Epigenetic Signatures of Exposure and Inheritance

• eDMRs, exposure-associated differentially methylated regions, changes associated with environmental exposures.

• gDMRs, genotype-associated differentially methylated regions, changes associated with inherited genetic variation.

Key Findings: Genome-Wide Epigenetic Mapping

The study’s snmC-seq2 analysis identified 756,575 environmental methylation markers (eDMRs) and over 275,000 genetic markers (gDMRs) across the investigated immune cell types. The analysis’s most notable finding was that nature and nurture appear to operate on different genomic “territory”.

Distinct Genomic Targets of Genetic and Environmental Effects

Distinct genomic targets, eDMRs were consistently enriched in enhancer- and promoter-associated regulatory regions, the genomic switches that influence when genes are turned on or off. In contrast, gDMRs were predominantly located within gene bodies. This suggests that while genetic variation shapes the core protein-coding architecture, environmental exposures preferentially modify regulatory networks that control gene activity, often in regions showing coordinated changes in chromatin accessibility.

Cell-State Specificity of Epigenetic Effects

Cell-state specificity, environmental exposures were observed to have a more pronounced effect on naive lymphocytes, while genetic factors exerted a stronger influence on memory lymphocytes, reflecting the cumulative impact of inherited variation on long-lived immune cell states.

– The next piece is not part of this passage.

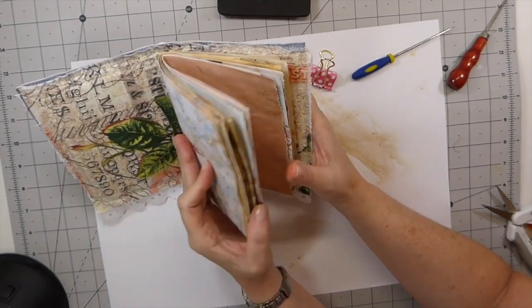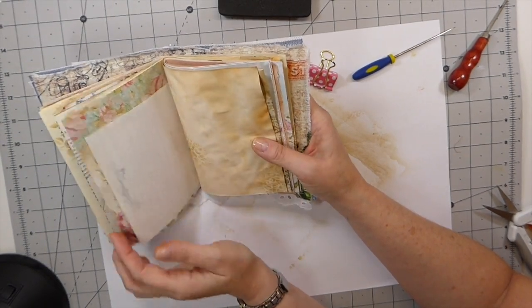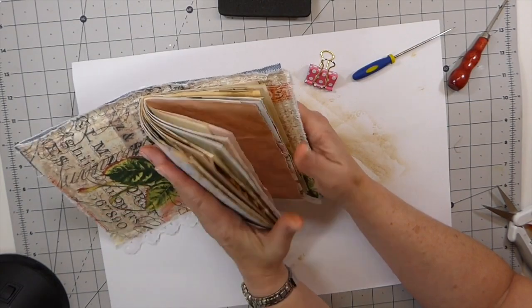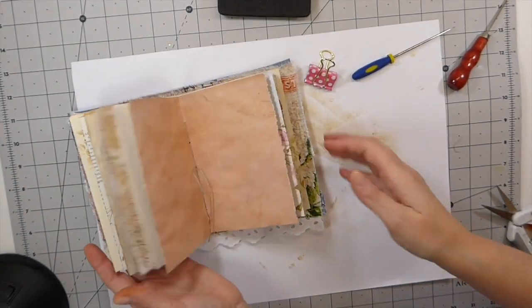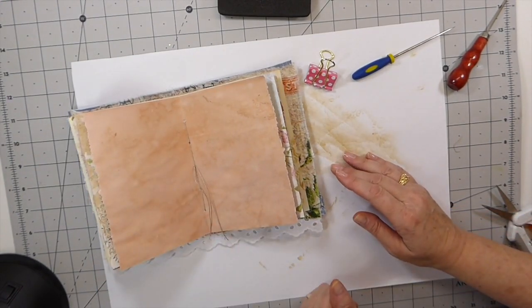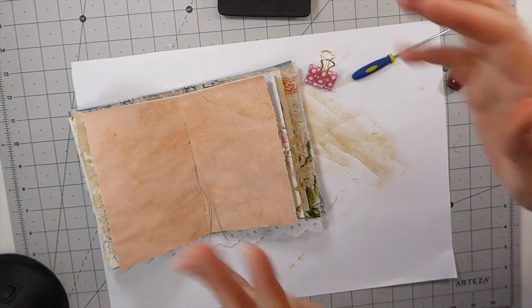It's all sewn in now, guys. So at this point I will stop it, and then the next part we will probably deal with the front and back cover and then start embellishing. So thank you so much for joining me. I hope you're enjoying this project, and I'm anxious to see what you guys are creating. Let me know. Take care and I'll see you soon. Bye.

Immune Remodeling in HIV and COVID-19

COVID-19 and HIV impacts, prior HIV-1 infection was associated with substantial shifts in immune cell composition, particularly remodeling NK cells and memory T cells.

Regarding COVID-19, the analyses identified a specific monocyte cluster uniquely enriched in patients with severe disease. The statistical separation of this cluster was substantial (P = 2.05 × 10^-237), suggesting that these cells are strongly associated with inflammatory immune programs characteristic of severe COVID-19, without establishing a direct causal role in disease pathology.

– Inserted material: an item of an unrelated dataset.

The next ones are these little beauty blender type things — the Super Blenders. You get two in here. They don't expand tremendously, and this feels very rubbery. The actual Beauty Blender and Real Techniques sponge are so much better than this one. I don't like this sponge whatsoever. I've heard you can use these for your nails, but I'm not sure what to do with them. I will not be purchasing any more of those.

Genetic Ancestry and Disease-Linked Epigenetic Variation

Ancestry and disease risks, genetic ancestry was found to influence immune epigenetic responses. In both MRSA and COVID-19 exposures, individuals of African genetic ancestry showed greater methylation changes than those of European ancestry, even after adjustment for covariates.

Furthermore, genotype-associated methylation signals overlapped with known disease-risk loci. Specifically, genetic variants associated with eczema and gallstone disease showed significant colocalization with methylation sites in T cells, linking immune epigenetic regulation to broader disease susceptibility.

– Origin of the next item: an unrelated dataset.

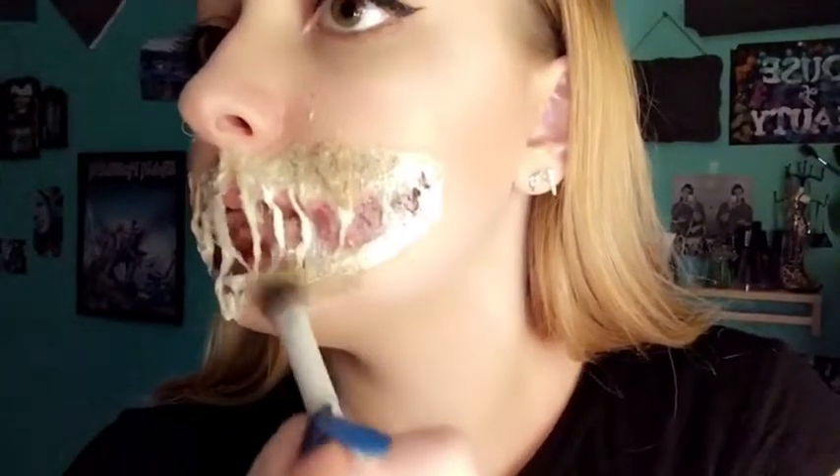Now I'm gonna take my foundation and mix it with some brown grease paint so it's not too white on the cotton when I try to blend it with my actual face. This is how it should look — now we can paint.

Conclusions and Implications for Personalized Medicine

The present study provides evidence that nature and nurture are distinct architects of immune cell biology. Although their effects converge on immune function, genetic variation and environmental exposures appear to operate through mechanistically and genomically separate pathways.

The atlas has the potential to advance personalized medicine. Future research will be required to validate the biological and clinical relevance of specific eDMRs and gDMRs, clarify their functional consequences, and address current limitations, such as incomplete exposure histories, modest sample sizes in some exposure groups, and restricted longitudinal sampling, before they can be reliably deployed as high-accuracy biomarkers.